Bug 64020

Summary: getHostAddress called unexpectedly, causing significant performance hit
Product: POI Reporter: Jamie <jamie>
Component: XWPFAssignee: POI Developers List <dev>
Status: RESOLVED WONTFIX    
Severity: normal    
Priority: P2    
Version: 4.1.1-FINAL   
Target Milestone: ---   
Hardware: PC   
OS: Linux   
Attachments: stack trace

Description Jamie 2019-12-19 11:22:20 UTC
Created attachment 36923 [details]
stack trace

Our server uses POI for text extraction. When processing some documents, there is a deterioration in performance due to unexpected call to URLStreamHandler.getHostAddress(). .Please refer to the attached stack for an illustration of how this happens.
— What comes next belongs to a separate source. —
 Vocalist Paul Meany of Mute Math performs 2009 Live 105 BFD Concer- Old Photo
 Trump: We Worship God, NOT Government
It is due to a known oddity in the way that URL hashCode is implemented whereby it actually attempt to resolve a URL for equality testing purposes. A possible workaround is use the URI class instead of URL?
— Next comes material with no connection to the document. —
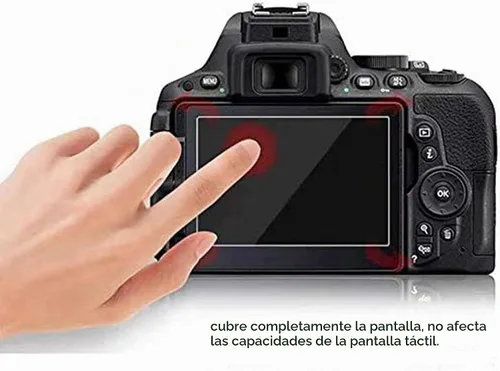 Vista 6 de PCTC Protector de pantalla compatible con Sony alpha A6600 A6100 A6400 A6000 A6300 A5000 Nex-7 NEX-6 NEX-5, [paquete de 3] vidrio templado de dureza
Comment 1 PJ Fanning 2019-12-19 11:53:23 UTC
in your stack trace, it appears to be org.apache.catalina.loader.WebappClassLoaderBase that is using the HashSet - not XMLBeans or POI code
Comment 2 PJ Fanning 2019-12-19 11:55:10 UTC
I'm not sure it would help but it might be useful if we added some options to XMLBeans to get it to configure the SAX parser not to read external files at all
Comment 3 Jamie 2019-12-19 12:02:49 UTC
My apologies. I guess I was skimming the stack too quick and missed that. Yes, it would be a great help if there was an option not to read external files. It would beespecially useful when performing text extraction on older documents for which the external references are likely to no longer exist. It could also be beneficial if some sort of parsing timeout could be implemented.